El caso del señor Ramírez, un viejo conserje de nuestra universidad, no dista mucho de la historia anterior. Cambio, también en este caso, deliberadamente algunos datos a fin de evitar su identificación. En una evaluación de rutina llevada a cabo por la administración central, se había tomado la decisión de hacer un recorte de personal y de despedir al señor Ramírez, pese a tener muchos años de servicio, por considerarse que su trabajo era en realidad superfluo o que su función no era ya indispensable para el funcionamiento de la institución. También el señor Ramírez consideró como algo natural ir a pedir ayuda a Salomón y encontró igualmente una inmediata acogida y la mejor buena voluntad para apoyarlo. En su caso, Salomón exhibió un rasgo peculiar de su bondad, también habitual en él, que es el de dar un valor especial a los lazos de solidaridad que se van creando a través de los años en la comunidad de trabajadores de la universidad, de mostrar aprecio por las personas con sus enteras historias familiares, más allá de los criterios anónimos de la rentabilidad organizacional. En esta ocasión, libró una verdadera batalla para obtener una rectificación de aquella medida administrativa y obtuvo sagazmente una fórmula de compromiso, que fue la de garantizar que él le daría cabida en una de sus oficinas y a cargo de su propio presupuesto. Logró así retener al señor Ramírez en un puesto de trabajo, por cierto en uno útil, y le hizo un favor no solo a una persona necesitada sino también a la tradición de solidaridad de nuestra propia comunidad.

Son solo dos casos de los muchos que yo conozco personalmente, y no es una mera presunción decir que de ellos hay cientos, muchos conocidos y muchos otros que no se conocerán, porque si han llegado a filtrarse ha sido contraviniendo el estricto sigilo que guarda Salomón al respecto. Como es obvio, los casos no se refieren únicamente al personal administrativo ni solo a los trabajadores de la Pontificia Universidad Católica del Perú (PUCP). Es una actitud bondadosa que se manifiesta también con claridad ante los colegas, los estudiantes, los amigos, ante quienquiera que sea, porque ella forma parte de un estilo de vida benevolente en relación con todos. Pero he seleccionado estos casos de personas con menos recursos, no simplemente económicos, sino sobre todo de poder, porque frente a ellos resalta con más claridad la gratuidad de los gestos generosos de una persona. Luego de muchos años trabajando en diferentes puestos de gestión en la Universidad, me he llegado a convencer de que el trato con el personal administrativo más modesto —la atención que les prestamos, la forma en que nos relacionamos con ellos— es un verdadero termómetro de la calidad de nuestra conducta personal en la vida. ¿Podrá alguien sorprenderse de que el día del cumpleaños de Salomón, año tras año, se forme una fila muy larga de empleados, colegas, amigos, esperando todos poder expresarle de alguna manera el agradecimiento que sienten por sus continuas expresiones de bondad, aunque sea con un abrazo? Así también era Natán: un hombre sencillo y generoso que despertaba la admiración y el afecto de las personas más humildes.

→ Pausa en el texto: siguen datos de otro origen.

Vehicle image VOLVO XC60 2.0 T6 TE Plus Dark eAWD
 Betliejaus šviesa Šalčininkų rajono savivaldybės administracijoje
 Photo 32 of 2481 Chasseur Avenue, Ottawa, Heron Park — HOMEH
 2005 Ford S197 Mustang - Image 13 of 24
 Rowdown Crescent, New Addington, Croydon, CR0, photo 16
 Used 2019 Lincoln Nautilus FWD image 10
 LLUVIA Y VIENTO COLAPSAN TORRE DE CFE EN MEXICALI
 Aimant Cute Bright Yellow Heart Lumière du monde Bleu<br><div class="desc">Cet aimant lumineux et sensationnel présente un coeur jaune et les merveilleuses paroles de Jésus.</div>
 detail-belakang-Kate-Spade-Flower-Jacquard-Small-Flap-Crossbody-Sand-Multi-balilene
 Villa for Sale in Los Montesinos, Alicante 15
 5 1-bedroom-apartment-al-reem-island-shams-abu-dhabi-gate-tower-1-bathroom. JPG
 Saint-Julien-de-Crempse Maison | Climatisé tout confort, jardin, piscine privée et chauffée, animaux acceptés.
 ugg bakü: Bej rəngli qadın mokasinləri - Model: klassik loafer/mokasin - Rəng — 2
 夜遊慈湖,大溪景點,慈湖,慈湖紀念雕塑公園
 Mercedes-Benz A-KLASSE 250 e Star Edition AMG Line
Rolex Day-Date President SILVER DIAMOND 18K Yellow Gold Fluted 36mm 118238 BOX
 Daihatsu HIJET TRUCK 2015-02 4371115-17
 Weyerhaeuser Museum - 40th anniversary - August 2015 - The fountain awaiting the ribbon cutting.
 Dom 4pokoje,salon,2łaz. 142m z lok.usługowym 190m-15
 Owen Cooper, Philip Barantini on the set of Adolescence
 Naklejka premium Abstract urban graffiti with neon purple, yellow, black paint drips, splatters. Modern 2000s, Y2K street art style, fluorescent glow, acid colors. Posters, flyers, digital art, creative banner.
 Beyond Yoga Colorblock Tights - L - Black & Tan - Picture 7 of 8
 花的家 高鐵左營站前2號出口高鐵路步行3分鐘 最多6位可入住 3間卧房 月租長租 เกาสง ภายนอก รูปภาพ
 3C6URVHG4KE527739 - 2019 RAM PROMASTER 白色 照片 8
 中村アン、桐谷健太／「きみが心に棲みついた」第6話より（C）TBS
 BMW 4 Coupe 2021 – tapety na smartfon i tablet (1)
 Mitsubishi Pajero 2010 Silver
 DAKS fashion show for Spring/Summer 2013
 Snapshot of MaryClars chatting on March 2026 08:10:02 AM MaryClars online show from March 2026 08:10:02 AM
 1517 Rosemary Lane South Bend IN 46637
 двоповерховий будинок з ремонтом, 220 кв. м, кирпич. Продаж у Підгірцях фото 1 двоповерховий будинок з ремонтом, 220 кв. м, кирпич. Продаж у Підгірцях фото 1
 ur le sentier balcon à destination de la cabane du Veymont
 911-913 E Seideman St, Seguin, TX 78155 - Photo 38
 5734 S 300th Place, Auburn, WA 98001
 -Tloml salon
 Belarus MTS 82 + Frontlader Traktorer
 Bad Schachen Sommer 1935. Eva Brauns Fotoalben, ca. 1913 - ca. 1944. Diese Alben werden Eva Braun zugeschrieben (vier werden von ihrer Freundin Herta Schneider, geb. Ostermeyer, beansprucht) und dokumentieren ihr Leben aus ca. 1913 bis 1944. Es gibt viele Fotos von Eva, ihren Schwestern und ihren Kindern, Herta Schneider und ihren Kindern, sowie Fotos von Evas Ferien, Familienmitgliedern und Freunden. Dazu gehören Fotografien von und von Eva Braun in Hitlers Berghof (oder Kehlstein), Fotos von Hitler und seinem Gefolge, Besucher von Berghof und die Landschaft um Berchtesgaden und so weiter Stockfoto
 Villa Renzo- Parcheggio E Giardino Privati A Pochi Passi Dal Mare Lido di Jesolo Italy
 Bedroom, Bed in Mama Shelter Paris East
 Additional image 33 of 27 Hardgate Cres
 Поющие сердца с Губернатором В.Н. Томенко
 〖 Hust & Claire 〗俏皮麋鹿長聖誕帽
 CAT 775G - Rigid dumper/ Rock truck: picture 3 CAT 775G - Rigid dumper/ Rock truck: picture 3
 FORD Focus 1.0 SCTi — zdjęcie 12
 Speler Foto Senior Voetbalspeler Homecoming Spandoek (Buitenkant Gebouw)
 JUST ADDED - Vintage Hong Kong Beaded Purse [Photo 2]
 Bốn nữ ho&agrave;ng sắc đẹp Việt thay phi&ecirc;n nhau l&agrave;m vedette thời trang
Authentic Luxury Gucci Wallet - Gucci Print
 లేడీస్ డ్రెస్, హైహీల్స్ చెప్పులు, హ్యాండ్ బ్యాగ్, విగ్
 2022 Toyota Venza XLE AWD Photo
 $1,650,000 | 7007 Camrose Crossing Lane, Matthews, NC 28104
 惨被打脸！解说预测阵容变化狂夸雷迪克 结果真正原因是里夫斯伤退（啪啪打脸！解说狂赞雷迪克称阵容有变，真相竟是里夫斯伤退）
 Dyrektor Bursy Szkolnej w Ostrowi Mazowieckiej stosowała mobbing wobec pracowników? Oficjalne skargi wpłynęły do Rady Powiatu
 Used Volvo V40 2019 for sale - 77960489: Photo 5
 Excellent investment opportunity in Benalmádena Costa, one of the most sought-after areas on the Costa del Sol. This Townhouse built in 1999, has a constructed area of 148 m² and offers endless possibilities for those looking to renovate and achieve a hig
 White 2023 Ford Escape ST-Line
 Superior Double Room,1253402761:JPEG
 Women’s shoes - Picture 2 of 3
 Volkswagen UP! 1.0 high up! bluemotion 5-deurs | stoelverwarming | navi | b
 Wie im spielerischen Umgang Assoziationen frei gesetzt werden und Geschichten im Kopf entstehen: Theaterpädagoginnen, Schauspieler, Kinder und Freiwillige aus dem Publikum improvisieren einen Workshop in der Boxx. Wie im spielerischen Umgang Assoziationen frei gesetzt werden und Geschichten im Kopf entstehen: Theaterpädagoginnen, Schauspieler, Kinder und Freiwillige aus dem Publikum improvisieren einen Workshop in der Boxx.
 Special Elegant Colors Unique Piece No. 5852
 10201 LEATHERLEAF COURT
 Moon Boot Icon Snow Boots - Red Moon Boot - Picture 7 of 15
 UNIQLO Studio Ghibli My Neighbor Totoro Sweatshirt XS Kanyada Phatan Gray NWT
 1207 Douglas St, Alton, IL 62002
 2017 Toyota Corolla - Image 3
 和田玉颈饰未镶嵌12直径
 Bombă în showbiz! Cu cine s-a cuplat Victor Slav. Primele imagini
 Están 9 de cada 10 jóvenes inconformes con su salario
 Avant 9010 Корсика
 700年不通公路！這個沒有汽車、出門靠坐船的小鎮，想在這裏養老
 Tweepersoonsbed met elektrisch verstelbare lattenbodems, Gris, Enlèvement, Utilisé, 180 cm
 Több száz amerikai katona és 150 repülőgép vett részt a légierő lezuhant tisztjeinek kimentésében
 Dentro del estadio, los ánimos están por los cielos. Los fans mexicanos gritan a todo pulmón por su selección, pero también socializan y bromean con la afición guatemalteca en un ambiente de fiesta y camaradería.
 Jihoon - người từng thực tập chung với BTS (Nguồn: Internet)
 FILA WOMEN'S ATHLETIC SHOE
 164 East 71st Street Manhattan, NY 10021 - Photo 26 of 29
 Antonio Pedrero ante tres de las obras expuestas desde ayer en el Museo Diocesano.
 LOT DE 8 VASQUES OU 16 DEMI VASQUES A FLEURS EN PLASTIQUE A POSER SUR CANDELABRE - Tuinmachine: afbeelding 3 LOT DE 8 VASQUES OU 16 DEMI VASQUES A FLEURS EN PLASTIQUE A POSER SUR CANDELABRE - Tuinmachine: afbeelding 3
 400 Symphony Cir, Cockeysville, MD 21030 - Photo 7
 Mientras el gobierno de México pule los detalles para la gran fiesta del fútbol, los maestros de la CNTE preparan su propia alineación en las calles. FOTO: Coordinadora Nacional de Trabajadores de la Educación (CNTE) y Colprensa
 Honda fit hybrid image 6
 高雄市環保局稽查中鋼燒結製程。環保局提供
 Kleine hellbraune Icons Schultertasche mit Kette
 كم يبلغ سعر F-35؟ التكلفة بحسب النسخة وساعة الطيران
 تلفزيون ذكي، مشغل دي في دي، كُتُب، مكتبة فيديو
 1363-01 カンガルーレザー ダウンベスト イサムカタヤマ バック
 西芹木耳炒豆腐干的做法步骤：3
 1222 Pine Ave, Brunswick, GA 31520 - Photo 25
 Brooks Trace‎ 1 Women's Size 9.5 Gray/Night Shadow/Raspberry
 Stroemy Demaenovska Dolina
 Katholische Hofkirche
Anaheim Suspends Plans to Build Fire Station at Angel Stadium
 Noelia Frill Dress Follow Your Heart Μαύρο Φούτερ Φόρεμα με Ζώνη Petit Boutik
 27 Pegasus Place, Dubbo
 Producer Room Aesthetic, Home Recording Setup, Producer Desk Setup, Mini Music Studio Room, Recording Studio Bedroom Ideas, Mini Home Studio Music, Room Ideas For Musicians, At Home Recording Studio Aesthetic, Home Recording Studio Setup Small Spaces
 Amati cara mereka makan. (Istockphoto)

Pero a la bondad se le suma, como hemos dicho y es igualmente ostensible, la modestia. La modestia, esa virtud tan escasa entre intelectuales, políticos o autoridades, Salomón la lleva en la piel, la ha integrado, por así decir, a su forma de ser y la exhibe incluso en su entera gestualidad corporal. En un país tan dado a la ostentación, tan proclive a los alardes y a la invención de méritos inexistentes con el ingenuo propósito de simular un valor que no se tiene, la modestia parece merecer solo el desdén, cuando no la suspicacia. Pero, contrariamente a lo que piensa la mayoría, la modestia no es una debilidad, sino una fortaleza. Salomón ha ejercido a lo largo de su vida muchos cargos de alta responsabilidad y en todos ellos ha dado muestras de una modestia tan visible como inusual, poniendo siempre el sello de un talante austero al que no le hacen falta los adornos engañosos de las falsas apariencias. Hace pocos meses, al publicarse las fotos en las que recibió una condecoración del gobierno de Bélgica, una de las tantas condecoraciones de las que ha sido merecedor, un colega del extranjero comentó, muy consciente del insólito contraste al que aludía, que le había impresionado la «deslumbrante modestia» que se percibía en la actitud de Salomón al recibirla.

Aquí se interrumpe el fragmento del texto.